Tasmanian budget fails health and child-care

June 2, 1999
Issue 

Tasmanian budget fails health and child-care

By Tony Iltis

HOBART — Rising gambling tax revenues and a 5% levy on household electricity bills allowed the Tasmanian ALP government to boost some public spending and deliver a budget with a surplus for the first time this century. But a $44 million injection into health and human services is inadequate to solve the funding crisis.

Tasmanian households already pay disproportionately high electricity bills due to subsidies to corporate consumers.

Budget sweeteners included a 4% increase in education funding, employing 34 new primary school teachers. According to Mike Poate, from the Australian Education Union, this is welcome, but the increased funding to private providers of TAFE programs is not.

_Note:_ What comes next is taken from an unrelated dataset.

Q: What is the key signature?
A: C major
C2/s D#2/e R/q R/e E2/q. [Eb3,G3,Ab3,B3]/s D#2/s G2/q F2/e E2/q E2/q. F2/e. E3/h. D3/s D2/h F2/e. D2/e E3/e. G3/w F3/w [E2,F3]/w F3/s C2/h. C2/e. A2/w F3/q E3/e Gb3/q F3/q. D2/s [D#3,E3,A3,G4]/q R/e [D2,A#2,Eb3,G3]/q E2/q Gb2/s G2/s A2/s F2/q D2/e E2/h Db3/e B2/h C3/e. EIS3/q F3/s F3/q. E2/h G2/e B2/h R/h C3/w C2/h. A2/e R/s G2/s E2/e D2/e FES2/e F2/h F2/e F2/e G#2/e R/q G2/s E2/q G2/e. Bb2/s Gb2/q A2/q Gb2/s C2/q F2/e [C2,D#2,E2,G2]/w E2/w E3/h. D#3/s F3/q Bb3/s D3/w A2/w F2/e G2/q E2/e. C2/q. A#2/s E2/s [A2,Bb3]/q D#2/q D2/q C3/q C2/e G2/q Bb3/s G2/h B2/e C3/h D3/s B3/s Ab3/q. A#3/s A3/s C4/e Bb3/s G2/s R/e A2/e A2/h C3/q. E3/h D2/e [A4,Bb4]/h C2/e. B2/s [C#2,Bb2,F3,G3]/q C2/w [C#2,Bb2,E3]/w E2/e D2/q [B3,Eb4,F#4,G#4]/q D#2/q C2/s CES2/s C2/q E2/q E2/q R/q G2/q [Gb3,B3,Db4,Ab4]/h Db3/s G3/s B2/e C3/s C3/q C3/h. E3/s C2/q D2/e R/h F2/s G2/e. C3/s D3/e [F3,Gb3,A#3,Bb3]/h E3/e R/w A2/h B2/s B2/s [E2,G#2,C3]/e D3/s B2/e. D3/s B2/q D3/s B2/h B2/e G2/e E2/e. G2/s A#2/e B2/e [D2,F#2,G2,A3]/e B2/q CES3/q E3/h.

Handouts to business included payroll tax exemptions and federal payroll tax rebates for information technology companies, and subsidies and loans to business, including $10 million in export subsidies. Similar handouts in previous budgets have failed to lower Tasmania's unemployment rate, the highest of any state.

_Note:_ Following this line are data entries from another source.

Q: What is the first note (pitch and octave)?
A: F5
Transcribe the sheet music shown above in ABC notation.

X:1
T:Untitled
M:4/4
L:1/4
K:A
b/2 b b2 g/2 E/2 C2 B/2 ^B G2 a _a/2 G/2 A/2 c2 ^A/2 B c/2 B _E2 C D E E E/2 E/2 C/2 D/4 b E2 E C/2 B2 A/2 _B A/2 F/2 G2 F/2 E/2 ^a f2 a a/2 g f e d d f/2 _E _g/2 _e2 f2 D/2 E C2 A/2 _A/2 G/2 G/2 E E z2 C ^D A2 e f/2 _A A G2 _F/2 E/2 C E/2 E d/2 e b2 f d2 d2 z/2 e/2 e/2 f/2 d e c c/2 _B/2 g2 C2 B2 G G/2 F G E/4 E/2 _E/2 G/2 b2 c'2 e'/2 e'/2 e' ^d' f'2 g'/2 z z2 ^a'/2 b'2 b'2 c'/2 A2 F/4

The media made most noise about the $44 million rescue package for health and human services. One aim of the package is to try to end the operating theatre closures and surgery restrictions at Royal Hobart and North West Regional Hospitals. There is also money to replace ambulances, but not to increase ambulance staff, despite the staffing crisis being so severe that members of the public are sometimes required to drive ambulances so that paramedics can attend to the patients.

The package will not save the St John's Park Child Care Centre, the only government-run child-care centre in Tasmania. The centre was set up for public sector workers on shift work and short-call rosters, and is unique in being open 7am to 6pm throughout the year and providing care for infants under two.

The decision to close the centre, which is used by 160 families, and redeploy the 145 centre staff provoked an angry response from parents, who are considering action against the government under the Sexual Discrimination Act. On May 20, the government rejected a submission by the Community and Public Sector Union to run the centre on a $60,000 annual subsidy.